Late last month, Facebook suffered from a 50 million user data breach. Of course, that figure is actually the minimum number of users impacted. At the time, Facebook said that they are at the preliminary stages of their investigation. Hours after the breach was published, the company found itself on the receiving end of a class action lawsuit in the US. Since the fallout was already quite big so quickly, it stood to reason that the fallout would only grow from there.
Now, some are saying that trouble could hit the company in Europe. If you recall, Equifax was fined £500,000 over the massive data breach it suffered. The reason why it was so low is because the breach happened prior to the GDPR (General Data Protection Regulation) coming into force. That happened back in June of this year. While Equifax got extremely lucky, it seems Facebook may not enjoy the same luck.

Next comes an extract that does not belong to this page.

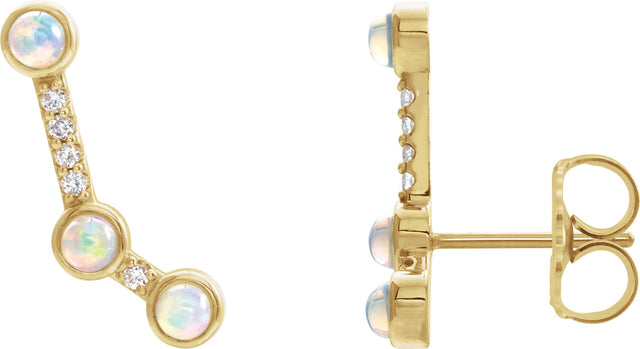 14K Gold Round Natural Ethiopian Opal & Natural Diamond Scattered Cabochon Ear Climbers - Yellow Gold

TechCrunch is pointing out that with these new laws in place, Facebook could face a massive fine for this latest breach. The report suggests that the fine would be equivalent to 4% of their total global annual revenue. Of course, how regulators find that Facebook handled the breach will play a major role in how big the potential fine could be. From the report:
Facebook alerted regulators and the public to the breach Friday morning after discovering it Tuesday afternoon. That’s important because it came under the 72-hour deadline for announcing hacks that can trigger an additional fine of up to 2 percent of a company’s global revenue if not met.
So, at this point, there are a lot of unknowns in this story that could impact how severely Facebook is punished. Will Facebook, or someone else, find out that the breach is bigger than reported? Will users experience negative effects of the breach such as someone suddenly taking control of their account? Will regulators see that Facebook did everything by the book when it comes to this breach or will they uncover something else?
While we still are in the early days of the breach, for Europeans, this breach could be seen as a test of the new GDPR laws. So, it’ll be interesting to see how this ends up being handled – especially in the context of the legal action already being seen outside of the European jurisdiction.